### Exercise instructions:
Search the data for the word "однотонная" and copy each line that has it.

[[ Study material open ]]

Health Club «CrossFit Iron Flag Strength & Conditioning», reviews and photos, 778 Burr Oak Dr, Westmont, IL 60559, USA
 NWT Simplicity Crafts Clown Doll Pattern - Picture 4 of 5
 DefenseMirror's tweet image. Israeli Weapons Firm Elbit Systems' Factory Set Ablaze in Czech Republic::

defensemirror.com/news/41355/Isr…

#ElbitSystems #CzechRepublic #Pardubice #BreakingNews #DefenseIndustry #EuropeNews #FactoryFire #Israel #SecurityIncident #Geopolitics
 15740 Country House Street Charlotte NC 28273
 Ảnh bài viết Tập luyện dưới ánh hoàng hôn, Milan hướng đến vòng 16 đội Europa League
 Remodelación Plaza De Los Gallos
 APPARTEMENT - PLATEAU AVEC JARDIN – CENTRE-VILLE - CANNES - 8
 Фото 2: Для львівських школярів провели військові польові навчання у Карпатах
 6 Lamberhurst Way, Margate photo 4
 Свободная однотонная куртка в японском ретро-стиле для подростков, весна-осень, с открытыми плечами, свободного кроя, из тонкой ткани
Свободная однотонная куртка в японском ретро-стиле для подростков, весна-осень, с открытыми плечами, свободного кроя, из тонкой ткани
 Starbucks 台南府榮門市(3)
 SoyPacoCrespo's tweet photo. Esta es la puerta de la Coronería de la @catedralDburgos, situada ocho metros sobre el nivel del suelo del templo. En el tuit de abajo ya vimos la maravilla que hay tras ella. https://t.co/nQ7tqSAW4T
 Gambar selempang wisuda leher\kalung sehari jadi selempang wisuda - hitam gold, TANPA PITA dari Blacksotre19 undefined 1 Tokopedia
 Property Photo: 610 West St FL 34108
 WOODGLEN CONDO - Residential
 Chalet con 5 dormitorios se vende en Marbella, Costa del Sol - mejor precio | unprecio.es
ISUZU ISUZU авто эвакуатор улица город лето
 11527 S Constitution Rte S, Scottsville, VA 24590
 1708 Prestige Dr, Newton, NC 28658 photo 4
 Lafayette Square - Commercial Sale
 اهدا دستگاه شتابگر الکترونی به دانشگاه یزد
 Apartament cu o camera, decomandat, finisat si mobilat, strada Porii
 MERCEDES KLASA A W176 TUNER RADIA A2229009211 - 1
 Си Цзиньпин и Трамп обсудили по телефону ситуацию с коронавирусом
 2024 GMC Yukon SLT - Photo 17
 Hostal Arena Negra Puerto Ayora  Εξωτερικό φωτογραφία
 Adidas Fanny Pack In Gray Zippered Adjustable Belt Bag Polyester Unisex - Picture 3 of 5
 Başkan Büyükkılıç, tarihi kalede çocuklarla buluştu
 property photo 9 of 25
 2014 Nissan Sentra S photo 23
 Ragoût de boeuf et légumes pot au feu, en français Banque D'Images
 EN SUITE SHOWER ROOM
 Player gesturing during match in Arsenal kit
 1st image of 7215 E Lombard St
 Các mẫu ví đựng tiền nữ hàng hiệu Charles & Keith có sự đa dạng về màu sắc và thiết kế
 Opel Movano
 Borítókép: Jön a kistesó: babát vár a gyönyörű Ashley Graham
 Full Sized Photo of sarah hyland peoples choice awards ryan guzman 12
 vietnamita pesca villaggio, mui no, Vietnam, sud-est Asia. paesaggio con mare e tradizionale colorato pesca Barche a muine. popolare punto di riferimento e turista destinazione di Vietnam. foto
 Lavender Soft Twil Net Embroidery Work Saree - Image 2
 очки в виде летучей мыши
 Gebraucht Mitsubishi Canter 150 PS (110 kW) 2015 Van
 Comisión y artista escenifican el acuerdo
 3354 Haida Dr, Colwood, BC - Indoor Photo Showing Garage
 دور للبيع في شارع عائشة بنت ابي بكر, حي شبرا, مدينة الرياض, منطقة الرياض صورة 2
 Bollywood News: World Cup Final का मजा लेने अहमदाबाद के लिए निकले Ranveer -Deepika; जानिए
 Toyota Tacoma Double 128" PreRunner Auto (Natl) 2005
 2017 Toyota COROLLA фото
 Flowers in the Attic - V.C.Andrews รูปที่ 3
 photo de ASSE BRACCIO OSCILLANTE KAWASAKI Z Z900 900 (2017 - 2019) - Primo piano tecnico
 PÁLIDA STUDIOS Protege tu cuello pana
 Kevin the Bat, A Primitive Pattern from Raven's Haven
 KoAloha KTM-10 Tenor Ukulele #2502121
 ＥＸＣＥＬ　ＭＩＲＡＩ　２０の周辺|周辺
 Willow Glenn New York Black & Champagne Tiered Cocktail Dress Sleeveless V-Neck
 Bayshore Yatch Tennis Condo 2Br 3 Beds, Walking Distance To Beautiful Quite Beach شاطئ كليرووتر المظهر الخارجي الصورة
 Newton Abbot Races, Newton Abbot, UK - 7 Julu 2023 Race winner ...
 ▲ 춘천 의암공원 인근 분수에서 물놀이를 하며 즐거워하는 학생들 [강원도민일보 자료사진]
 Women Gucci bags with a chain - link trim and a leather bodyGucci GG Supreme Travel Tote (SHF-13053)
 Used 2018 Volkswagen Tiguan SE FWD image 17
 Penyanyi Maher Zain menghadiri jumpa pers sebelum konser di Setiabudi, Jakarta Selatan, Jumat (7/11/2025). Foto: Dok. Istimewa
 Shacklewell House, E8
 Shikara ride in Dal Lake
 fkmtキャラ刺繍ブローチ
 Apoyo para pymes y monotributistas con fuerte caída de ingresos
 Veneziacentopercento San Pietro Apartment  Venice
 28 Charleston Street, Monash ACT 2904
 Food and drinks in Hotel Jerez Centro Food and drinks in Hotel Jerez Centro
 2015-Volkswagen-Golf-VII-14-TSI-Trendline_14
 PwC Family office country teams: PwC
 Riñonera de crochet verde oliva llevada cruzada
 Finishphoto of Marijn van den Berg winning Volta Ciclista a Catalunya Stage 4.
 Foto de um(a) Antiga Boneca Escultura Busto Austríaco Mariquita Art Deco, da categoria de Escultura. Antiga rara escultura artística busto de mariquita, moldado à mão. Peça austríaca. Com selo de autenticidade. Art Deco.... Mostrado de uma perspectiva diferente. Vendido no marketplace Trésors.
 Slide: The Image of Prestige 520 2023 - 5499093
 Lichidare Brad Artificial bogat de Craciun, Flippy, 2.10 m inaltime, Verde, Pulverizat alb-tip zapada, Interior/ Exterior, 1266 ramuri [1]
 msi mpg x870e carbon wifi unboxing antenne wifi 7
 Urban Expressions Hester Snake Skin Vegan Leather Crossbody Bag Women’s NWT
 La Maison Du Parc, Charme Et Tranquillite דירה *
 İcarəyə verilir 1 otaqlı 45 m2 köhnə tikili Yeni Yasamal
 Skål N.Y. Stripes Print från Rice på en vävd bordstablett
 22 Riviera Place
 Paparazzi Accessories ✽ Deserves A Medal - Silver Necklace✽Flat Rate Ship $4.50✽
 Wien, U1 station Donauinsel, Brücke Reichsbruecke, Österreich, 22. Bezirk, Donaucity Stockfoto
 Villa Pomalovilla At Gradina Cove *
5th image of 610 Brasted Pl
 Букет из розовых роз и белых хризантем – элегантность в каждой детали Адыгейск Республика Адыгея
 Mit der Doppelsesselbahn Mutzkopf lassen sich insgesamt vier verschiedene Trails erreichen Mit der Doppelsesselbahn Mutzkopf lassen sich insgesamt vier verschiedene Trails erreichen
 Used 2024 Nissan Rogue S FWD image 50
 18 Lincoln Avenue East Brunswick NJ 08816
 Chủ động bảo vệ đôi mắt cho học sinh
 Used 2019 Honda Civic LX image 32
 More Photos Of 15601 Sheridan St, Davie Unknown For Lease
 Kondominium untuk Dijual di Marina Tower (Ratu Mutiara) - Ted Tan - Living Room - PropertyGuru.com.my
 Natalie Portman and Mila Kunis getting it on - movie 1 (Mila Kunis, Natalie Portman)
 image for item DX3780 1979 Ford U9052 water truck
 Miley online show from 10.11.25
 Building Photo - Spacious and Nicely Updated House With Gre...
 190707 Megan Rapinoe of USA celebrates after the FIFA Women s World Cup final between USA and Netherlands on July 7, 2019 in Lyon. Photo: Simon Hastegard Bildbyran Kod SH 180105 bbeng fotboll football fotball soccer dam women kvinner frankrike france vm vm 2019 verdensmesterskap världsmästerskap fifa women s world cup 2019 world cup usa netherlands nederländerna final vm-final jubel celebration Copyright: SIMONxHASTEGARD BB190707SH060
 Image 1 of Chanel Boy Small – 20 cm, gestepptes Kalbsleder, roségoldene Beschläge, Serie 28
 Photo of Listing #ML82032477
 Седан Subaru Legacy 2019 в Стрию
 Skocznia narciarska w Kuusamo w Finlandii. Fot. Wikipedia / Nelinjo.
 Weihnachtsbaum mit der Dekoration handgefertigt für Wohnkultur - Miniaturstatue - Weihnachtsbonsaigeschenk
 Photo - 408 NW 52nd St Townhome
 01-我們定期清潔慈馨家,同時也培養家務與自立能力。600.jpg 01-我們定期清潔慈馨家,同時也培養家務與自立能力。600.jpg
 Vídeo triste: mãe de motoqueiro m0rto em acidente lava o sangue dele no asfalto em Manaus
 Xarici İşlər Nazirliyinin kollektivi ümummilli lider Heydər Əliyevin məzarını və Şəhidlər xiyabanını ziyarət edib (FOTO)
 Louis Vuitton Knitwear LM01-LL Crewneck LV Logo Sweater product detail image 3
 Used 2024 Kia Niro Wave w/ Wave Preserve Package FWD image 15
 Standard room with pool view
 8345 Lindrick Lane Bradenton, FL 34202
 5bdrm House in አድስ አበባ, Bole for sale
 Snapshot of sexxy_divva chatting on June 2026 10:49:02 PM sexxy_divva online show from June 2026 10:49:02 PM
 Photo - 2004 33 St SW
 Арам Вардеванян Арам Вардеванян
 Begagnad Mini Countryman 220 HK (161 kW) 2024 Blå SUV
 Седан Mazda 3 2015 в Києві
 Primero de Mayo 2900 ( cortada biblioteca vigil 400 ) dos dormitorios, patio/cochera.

[[ Study material closed ]]

### Result for this exercise:
 Свободная однотонная куртка в японском ретро-стиле для подростков, весна-осень, с открытыми плечами, свободного кроя, из тонкой ткани
Свободная однотонная куртка в японском ретро-стиле для подростков, весна-осень, с открытыми плечами, свободного кроя, из тонкой ткани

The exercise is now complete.